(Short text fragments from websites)
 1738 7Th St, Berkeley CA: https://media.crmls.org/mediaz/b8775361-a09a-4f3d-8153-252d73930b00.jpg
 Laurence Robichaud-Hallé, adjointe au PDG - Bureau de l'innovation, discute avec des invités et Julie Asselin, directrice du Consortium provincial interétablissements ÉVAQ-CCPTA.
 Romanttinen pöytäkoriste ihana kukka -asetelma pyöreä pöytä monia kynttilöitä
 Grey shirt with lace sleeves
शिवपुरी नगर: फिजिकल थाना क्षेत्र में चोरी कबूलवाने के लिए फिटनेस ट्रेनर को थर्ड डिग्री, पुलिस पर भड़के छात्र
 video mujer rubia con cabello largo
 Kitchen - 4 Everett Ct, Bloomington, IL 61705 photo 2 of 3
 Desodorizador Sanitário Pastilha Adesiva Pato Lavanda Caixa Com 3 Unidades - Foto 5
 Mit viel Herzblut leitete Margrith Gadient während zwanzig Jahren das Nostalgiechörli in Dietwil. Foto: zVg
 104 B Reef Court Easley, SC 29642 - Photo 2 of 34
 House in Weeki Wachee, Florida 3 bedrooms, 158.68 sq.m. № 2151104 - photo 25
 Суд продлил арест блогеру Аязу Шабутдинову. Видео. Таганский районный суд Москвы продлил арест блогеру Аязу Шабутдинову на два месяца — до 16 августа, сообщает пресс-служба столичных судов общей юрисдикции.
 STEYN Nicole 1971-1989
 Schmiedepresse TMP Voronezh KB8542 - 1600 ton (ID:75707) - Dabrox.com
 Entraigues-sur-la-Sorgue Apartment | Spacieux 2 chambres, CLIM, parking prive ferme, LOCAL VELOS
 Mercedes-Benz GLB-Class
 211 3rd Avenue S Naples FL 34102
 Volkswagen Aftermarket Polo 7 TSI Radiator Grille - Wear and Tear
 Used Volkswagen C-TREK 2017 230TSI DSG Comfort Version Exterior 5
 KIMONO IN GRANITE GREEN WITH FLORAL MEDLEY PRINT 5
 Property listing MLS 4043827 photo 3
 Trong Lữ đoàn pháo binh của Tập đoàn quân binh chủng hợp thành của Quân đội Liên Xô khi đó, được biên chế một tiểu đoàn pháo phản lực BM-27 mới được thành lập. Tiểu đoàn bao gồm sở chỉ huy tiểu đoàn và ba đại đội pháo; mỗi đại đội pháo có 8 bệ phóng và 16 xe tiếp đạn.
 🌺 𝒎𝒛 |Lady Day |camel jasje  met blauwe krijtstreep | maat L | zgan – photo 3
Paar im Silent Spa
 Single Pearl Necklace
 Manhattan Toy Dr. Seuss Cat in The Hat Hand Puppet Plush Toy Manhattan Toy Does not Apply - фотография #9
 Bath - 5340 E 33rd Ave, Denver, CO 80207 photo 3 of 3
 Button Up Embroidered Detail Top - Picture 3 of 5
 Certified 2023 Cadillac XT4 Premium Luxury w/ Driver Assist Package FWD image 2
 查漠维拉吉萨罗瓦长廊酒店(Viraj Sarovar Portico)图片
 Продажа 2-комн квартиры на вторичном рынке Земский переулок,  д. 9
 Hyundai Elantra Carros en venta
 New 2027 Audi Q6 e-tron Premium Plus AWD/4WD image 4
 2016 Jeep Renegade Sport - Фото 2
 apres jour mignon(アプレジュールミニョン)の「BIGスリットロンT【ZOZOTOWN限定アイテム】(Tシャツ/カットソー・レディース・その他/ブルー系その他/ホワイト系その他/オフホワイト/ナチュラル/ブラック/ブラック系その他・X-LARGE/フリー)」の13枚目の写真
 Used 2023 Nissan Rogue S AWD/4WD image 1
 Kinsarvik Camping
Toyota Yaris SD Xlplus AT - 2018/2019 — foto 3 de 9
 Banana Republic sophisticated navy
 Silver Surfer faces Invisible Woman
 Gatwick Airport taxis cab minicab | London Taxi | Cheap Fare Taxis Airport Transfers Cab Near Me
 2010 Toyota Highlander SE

_Exercise brief_: Look above for the line holding "Button Up Embroidered" and the line holding "New 2027 Audi". Retype both, and every line between them, word for word and nothing else.

_Output of the exercise_:
 Button Up Embroidered Detail Top - Picture 3 of 5
 Certified 2023 Cadillac XT4 Premium Luxury w/ Driver Assist Package FWD image 2
 查漠维拉吉萨罗瓦长廊酒店(Viraj Sarovar Portico)图片
 Продажа 2-комн квартиры на вторичном рынке Земский переулок,  д. 9
 Hyundai Elantra Carros en venta
 New 2027 Audi Q6 e-tron Premium Plus AWD/4WD image 4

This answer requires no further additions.